130 ans de rayures et de savoir-faire

Nouveau logo, nouvelles collaborations, Saint James n'a de cesse de se réinventer. Authentique et intemporelle, la griffe normande tisse sa toile de par le monde et crée des liens indéfectibles avec des générations d’adeptes. Retour sur une success-story à la française.

Les 300 collaborateurs des ateliers Saint James se sont rassemblés au Mont-Saint-Michel pour célébrer les 130 ans d'un savoir-faire mais aussi d'une aventure humaine. L'occasion de dévoiler la nouvelle identité graphique de la marque.

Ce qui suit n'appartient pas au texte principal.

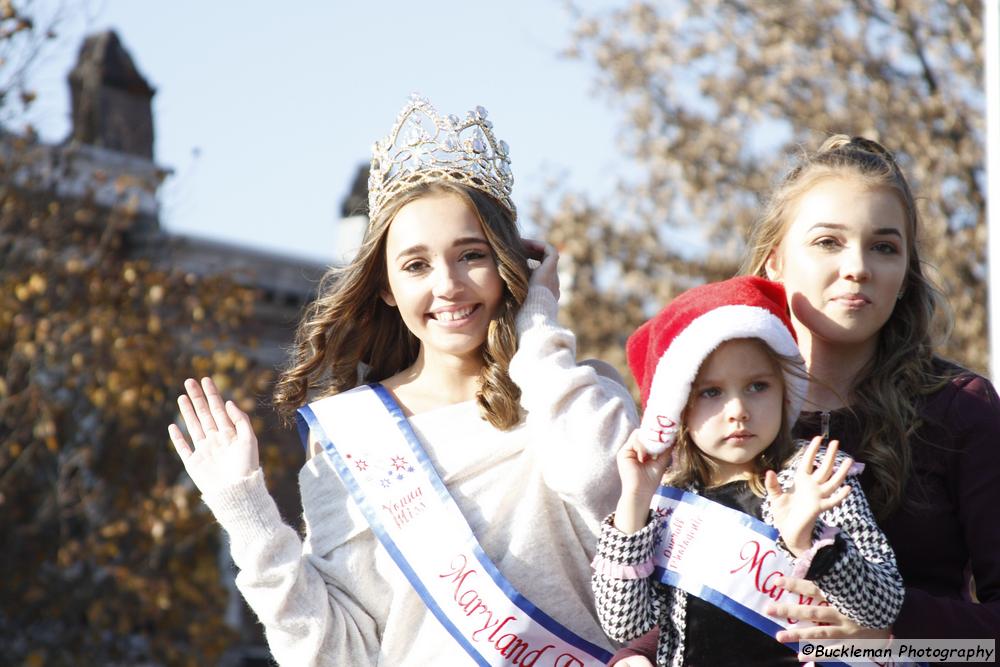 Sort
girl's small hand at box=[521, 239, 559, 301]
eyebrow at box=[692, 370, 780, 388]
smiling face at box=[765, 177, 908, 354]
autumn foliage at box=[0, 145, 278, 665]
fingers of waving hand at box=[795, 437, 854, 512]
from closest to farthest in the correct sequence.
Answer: fingers of waving hand at box=[795, 437, 854, 512]
eyebrow at box=[692, 370, 780, 388]
smiling face at box=[765, 177, 908, 354]
girl's small hand at box=[521, 239, 559, 301]
autumn foliage at box=[0, 145, 278, 665]

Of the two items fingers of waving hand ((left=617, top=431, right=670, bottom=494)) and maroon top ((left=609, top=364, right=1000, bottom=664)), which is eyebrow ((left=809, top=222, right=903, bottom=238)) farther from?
fingers of waving hand ((left=617, top=431, right=670, bottom=494))

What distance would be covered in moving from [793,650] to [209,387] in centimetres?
155

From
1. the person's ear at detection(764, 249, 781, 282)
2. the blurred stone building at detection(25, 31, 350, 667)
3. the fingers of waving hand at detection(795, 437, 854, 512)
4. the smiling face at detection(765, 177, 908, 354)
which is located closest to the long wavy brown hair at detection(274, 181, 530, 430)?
the person's ear at detection(764, 249, 781, 282)

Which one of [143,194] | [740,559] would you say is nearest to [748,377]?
[740,559]

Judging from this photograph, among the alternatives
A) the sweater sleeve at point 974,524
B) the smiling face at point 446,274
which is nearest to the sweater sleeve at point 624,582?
the sweater sleeve at point 974,524

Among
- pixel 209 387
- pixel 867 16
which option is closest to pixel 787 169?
pixel 209 387

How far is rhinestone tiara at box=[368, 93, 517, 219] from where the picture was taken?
12.2 ft

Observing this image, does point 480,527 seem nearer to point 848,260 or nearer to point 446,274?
point 446,274

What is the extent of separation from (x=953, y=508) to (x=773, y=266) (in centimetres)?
75

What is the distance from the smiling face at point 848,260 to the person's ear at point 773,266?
0.47ft

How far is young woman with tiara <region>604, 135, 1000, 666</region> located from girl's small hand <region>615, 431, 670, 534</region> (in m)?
0.27

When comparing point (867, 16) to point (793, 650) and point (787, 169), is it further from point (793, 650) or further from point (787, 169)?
point (793, 650)

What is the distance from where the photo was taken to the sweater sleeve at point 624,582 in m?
2.99

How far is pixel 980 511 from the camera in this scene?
307cm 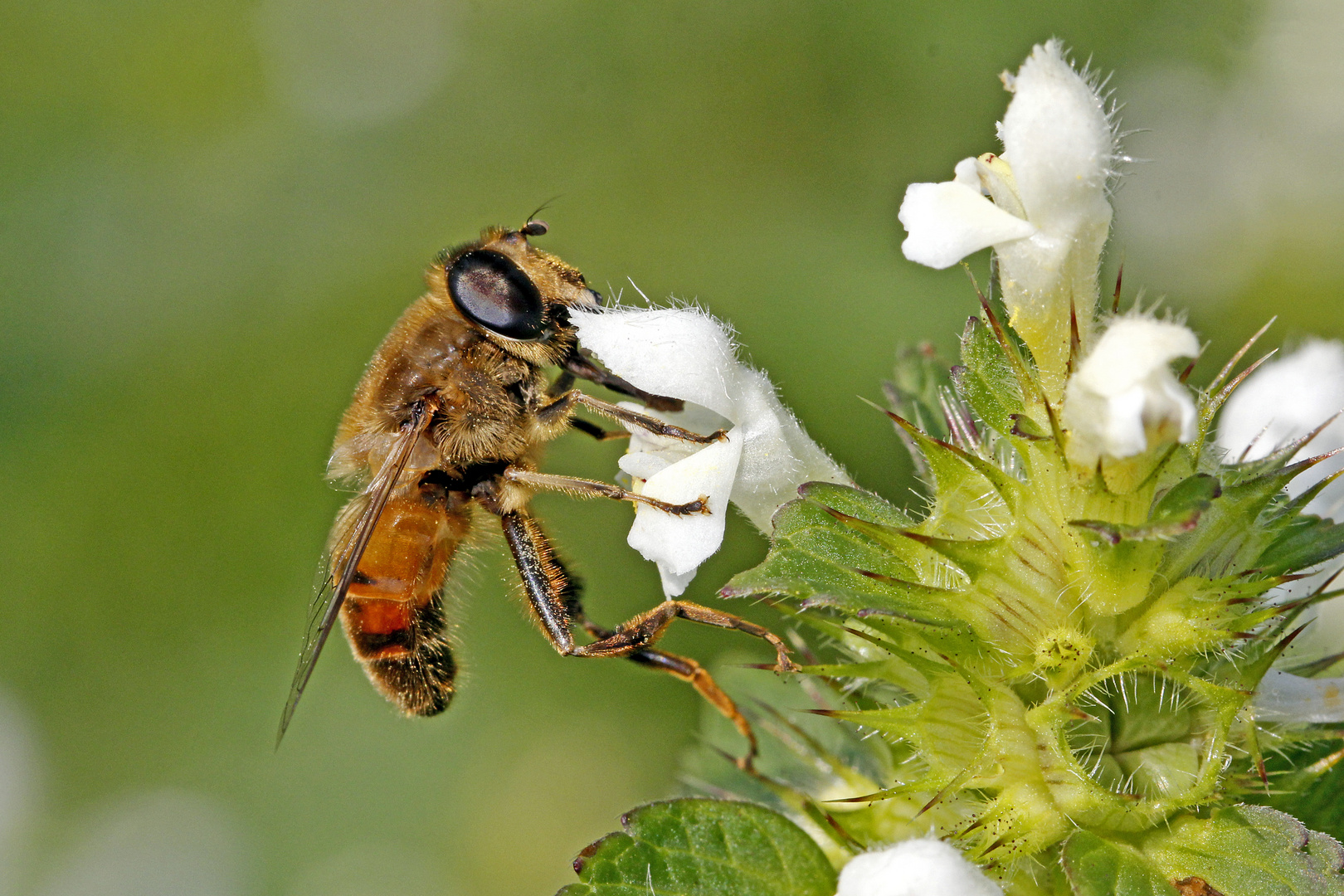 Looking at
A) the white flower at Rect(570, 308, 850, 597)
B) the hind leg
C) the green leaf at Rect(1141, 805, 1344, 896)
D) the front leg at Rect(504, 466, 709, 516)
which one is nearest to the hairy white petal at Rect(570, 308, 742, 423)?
the white flower at Rect(570, 308, 850, 597)

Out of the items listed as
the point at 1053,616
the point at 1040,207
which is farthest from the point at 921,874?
the point at 1040,207

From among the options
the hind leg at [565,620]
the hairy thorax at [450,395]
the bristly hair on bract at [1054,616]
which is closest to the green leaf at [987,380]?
the bristly hair on bract at [1054,616]

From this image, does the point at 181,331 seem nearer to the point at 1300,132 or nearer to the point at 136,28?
the point at 136,28

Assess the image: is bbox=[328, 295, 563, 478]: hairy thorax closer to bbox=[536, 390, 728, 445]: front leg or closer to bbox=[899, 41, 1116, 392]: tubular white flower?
bbox=[536, 390, 728, 445]: front leg

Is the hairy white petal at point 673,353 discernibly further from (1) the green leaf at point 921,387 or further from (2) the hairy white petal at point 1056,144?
(2) the hairy white petal at point 1056,144

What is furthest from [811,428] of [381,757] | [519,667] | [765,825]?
[765,825]

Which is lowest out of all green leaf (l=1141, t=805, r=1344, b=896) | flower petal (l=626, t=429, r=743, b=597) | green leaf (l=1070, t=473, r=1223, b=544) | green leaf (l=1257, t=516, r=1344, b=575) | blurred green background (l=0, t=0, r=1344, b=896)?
blurred green background (l=0, t=0, r=1344, b=896) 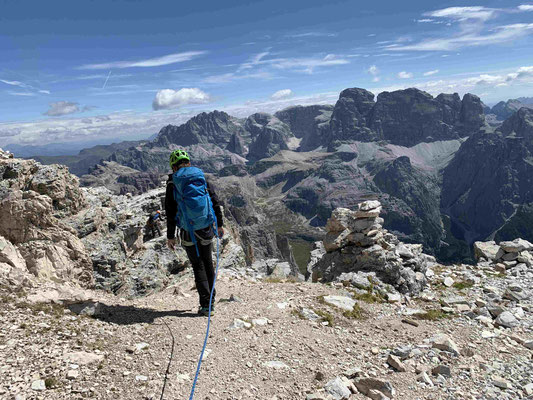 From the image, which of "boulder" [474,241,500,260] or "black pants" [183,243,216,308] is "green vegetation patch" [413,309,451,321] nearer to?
"black pants" [183,243,216,308]

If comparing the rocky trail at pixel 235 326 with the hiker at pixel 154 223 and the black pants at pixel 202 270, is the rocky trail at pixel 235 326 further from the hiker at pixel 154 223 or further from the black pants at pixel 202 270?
the hiker at pixel 154 223

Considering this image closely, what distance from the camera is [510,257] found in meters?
22.5

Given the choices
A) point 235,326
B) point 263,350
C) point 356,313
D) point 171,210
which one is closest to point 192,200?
point 171,210

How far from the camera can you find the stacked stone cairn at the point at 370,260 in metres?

Les 300 collaborateurs des ateliers Saint James se sont rassemblés au Mont-Saint-Michel pour célébrer les 130 ans d'un savoir-faire mais aussi d'une aventure humaine. L'occasion de dévoiler la nouvelle identité graphique de la marque.

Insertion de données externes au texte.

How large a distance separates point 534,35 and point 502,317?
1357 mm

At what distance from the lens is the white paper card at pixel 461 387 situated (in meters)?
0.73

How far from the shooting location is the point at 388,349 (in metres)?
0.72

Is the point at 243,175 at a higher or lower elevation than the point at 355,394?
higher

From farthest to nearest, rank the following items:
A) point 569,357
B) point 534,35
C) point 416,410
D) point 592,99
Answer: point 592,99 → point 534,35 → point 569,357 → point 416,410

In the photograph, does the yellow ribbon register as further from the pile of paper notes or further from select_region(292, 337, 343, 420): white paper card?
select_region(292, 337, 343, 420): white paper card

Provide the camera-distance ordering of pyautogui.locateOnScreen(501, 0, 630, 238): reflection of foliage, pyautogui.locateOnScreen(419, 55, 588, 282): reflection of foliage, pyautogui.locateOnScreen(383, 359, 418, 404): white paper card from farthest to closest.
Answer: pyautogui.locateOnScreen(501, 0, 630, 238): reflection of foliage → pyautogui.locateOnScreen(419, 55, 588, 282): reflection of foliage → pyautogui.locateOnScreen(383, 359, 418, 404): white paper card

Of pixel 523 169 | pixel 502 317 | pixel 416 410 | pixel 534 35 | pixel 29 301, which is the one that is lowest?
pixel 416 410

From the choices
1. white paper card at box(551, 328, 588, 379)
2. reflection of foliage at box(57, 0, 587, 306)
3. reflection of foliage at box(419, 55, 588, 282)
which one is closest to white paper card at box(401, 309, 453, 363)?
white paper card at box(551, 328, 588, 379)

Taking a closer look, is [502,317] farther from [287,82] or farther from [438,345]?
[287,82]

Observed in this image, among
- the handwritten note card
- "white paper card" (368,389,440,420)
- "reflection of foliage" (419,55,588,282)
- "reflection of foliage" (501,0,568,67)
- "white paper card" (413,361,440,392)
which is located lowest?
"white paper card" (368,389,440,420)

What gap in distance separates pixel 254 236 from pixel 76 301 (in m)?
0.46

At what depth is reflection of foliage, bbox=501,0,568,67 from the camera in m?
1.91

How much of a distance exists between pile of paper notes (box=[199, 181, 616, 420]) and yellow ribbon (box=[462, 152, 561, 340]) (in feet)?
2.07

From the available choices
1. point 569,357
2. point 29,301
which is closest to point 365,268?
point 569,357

Une déferlante de symboles. C’est avec 300 de ses collaborateurs, au Mont- Saint-Michel, que Saint James vient de souffler ses bougies. Un « annimersaire » aux côtés des femmes et des hommes qui participent depuis 130 ans au rayonnement d’une maison humaine et authentique.

Dans une mise en scène émouvante, couturières, bonnetiers et raccoutreuses ont traversé la baie sur sept kilomètres pour rejoindre l’abbaye millénaire, arborant une collection de pulls, bonnets et marinières créés pour l’occasion.

Un logo « 130 ans » cousu sur le coeur, évidemment. Parlant de logo, au cours de leur traversée à marée basse, les salariés de la griffe normande ont dévoilé – en dépliant sur le sable un immense drapeau – sa nouvelle identité visuelle, qui fait la part belle aux rayures et au Mont-Saint-Michel auquel son histoire est intimement liée. Le slogan, lui, reste inchangé : « Né de la mer ». Car, au-delà des hommes, c’est elle qui a enfanté Saint James.

Au XIXe siècle, Saint-James est une cité drapière où les ovins paissent face à la majestueuse abbaye. Léon Legallais, enfant du pays, y installe sa manufacture en 1850. Il y file les pelotes issues des moutons de la baie et commence à tricoter des chemises pour marins.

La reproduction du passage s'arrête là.